Un grande piano ferroviario per la Lombardia? 

La politica di riequilibrio modale perseguita dalla Unione Europea e dei singoli Paesi da più decenni non ha portato al risultato auspicato, nonostante gli ingenti trasferimenti di risorse pubbliche alle imprese ferroviarie (in Italia intorno ai 10 miliardi all’anno). A più di vent’anni dalla pubblicazione del Libro Bianco sui Trasporti, le quote di domanda di mobilità delle persone soddisfatte da ciascun modo di trasporto sono rimaste pressoché invariate; per le merci, la ferrovia ha subito un ulteriore arretramento passando da una quota pari al 15,6% della quantità di merce trasportata all’11,5%. E, se si confrontano ferrovia e strada in termini di fatturato e di flussi veicolari equivalenti, si scopre come il divario sia ancora più ampio.

Se ne prende atto, forse per la prima volta da parte di un soggetto istituzionale, anche in un documento ufficiale del MIMS nel quale si può leggere che: “Lo spostamento di una piccola aliquota dei traffici dalla strada (rispettivamente pari a circa allo 1,9% e al 3,2%) sulla ferrovia, significherebbe quasi raddoppiare i volumi di traffico ferroviario del 2019 entro il 2030 e incrementarli del 160% entro il 2050”. Si evidenzia altresì che: “l’80% degli spostamenti di camion ha una lunghezza inferiore ai 200 km, ovvero in un intervallo di distanza nel quale il trasporto ferroviario è difficilmente competitivo, e ben il 90% inferiore ai 300 km. In altre parole, quindi, una quota significativa del trasporto delle merci sulla rete autostradale è captive, e non potrà essere di fatto spostata su modalità di trasporto alternative… Le politiche di perseguimento della sostenibilità ambientale del trasporto merci su strada devono quindi basarsi prevalentemente sull’efficientamento ambientale dei veicoli merci su strada”. Efficientamento che eroderà ulteriormente il vantaggio ambientale della ferrovia.

Si nota infine che “l’autotrasporto sta vivendo una progressiva trasformazione ed efficientamento organizzativo, testimoniato dal consolidamento delle imprese del settore e dai provvedimenti e normative specifiche adottate, quali ad esempio, la revisione dei limiti dimensionali per gli autoarticolati, recentemente portati ai 18 metri di lunghezza, che renderanno il trasporto stradale ancor più competitivo”.

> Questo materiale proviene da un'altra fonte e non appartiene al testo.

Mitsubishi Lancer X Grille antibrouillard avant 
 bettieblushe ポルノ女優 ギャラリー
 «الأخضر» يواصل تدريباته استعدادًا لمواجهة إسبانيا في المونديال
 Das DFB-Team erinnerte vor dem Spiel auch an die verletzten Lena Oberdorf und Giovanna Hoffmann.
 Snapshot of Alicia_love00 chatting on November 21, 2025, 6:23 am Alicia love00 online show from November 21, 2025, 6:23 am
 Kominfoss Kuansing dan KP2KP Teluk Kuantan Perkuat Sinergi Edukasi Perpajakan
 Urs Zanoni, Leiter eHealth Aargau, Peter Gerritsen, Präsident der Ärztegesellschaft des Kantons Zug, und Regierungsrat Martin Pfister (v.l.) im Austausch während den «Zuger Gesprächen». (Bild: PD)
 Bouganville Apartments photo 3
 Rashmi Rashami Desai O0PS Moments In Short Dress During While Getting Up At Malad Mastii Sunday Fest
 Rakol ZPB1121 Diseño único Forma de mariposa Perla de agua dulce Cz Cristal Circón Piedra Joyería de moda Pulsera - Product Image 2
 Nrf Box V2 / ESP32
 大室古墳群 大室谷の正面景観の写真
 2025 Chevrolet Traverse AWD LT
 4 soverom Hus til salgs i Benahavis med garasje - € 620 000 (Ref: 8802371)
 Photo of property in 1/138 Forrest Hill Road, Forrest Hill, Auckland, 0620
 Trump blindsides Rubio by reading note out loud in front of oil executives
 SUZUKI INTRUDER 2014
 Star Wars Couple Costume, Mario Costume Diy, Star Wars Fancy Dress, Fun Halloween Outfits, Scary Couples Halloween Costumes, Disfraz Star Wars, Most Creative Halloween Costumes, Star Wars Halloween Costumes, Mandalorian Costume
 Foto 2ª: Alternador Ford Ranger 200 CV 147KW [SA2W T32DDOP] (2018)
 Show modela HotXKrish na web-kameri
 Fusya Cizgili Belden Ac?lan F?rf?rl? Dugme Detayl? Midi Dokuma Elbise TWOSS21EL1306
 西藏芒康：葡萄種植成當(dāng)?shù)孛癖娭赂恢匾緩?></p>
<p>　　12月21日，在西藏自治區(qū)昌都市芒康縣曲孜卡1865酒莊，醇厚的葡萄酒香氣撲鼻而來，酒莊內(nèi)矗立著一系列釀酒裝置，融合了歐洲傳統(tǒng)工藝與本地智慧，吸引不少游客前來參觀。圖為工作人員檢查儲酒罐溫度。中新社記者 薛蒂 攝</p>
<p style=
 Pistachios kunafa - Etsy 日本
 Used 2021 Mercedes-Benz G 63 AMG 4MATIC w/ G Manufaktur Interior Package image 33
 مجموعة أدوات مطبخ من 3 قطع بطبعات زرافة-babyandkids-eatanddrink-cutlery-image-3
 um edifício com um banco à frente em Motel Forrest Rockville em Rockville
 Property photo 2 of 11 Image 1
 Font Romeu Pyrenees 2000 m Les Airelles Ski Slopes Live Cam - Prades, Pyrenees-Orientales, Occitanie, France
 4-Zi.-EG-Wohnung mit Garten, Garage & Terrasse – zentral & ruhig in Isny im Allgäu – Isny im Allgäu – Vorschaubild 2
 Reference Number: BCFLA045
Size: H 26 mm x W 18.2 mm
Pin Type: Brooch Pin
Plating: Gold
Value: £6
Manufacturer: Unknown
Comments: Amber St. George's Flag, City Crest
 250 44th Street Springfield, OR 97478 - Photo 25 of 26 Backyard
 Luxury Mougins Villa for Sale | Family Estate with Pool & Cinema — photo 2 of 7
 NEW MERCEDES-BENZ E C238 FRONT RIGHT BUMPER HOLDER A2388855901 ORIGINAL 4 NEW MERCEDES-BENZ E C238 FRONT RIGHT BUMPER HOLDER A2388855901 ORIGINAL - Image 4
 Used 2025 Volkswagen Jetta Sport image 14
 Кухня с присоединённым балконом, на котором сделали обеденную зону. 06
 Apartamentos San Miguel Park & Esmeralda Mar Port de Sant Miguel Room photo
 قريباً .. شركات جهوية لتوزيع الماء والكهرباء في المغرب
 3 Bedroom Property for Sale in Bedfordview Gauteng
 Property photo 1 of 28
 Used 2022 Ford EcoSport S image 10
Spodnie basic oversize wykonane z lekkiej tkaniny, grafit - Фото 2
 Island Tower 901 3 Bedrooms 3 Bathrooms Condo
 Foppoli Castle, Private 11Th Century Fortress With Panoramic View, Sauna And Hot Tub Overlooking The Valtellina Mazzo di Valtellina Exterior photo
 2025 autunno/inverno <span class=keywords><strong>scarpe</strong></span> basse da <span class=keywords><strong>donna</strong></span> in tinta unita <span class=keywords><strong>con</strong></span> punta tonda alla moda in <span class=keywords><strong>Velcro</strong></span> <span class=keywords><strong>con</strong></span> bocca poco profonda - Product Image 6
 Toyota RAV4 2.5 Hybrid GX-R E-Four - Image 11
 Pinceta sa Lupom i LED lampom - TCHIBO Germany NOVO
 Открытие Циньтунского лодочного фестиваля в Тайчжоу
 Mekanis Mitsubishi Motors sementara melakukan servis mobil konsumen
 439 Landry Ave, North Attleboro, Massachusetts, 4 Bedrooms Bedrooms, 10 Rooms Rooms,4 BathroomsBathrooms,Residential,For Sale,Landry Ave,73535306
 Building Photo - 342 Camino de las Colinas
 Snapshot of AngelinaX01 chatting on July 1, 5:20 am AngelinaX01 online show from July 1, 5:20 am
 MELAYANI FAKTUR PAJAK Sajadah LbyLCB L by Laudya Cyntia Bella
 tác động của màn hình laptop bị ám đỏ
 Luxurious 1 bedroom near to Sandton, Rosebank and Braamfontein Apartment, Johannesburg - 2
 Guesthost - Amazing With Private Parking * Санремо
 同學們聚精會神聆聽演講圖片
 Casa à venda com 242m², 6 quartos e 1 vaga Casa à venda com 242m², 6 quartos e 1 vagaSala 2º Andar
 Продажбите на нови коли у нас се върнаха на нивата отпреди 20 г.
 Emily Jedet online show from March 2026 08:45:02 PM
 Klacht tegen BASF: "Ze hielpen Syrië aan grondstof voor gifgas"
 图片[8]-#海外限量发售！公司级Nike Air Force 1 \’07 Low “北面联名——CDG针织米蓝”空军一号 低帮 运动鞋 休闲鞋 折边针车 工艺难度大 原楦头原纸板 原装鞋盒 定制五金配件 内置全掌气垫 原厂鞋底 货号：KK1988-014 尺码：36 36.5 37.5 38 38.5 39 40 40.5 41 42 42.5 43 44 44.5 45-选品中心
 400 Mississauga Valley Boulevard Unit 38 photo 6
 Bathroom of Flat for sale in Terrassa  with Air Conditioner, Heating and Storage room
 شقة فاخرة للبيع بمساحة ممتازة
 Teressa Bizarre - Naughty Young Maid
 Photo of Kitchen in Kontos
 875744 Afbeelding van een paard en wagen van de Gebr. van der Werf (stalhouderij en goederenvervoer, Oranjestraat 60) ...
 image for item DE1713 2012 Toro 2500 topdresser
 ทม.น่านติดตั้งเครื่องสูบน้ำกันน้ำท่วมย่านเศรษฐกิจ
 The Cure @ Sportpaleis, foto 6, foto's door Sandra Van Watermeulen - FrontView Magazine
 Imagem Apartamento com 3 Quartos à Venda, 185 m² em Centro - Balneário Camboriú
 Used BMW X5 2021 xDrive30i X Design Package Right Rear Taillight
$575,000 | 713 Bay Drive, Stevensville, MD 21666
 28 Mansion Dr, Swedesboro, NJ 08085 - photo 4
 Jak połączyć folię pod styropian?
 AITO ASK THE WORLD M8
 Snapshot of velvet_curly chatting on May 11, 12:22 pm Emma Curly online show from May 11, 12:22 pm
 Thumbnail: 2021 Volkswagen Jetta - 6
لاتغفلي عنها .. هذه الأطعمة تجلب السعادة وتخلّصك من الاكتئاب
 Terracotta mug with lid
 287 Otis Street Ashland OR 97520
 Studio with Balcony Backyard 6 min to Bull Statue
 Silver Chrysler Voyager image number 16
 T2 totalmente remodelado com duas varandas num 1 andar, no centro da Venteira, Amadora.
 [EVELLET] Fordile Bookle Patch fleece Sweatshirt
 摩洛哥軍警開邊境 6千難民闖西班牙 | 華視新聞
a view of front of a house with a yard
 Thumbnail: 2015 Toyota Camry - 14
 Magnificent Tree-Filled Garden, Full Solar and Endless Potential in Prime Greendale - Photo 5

Parole inequivocabili che dovrebbero portare a rivedere il centro di gravità permanente della politica dei trasporti. Anche perché il presente livello di pedaggi e tassazione sulle tratte autostradali è tale per cui le esternalità sono più che internalizzate e lo spostamento modale da gomma farebbe, tranne possibili eccezioni, perdere benessere collettivo come, tra lo stupore di quasi tutti, venne messo in evidenza dall’analisi costi-benefici del nuovo collegamento ferroviario Torino – Lione.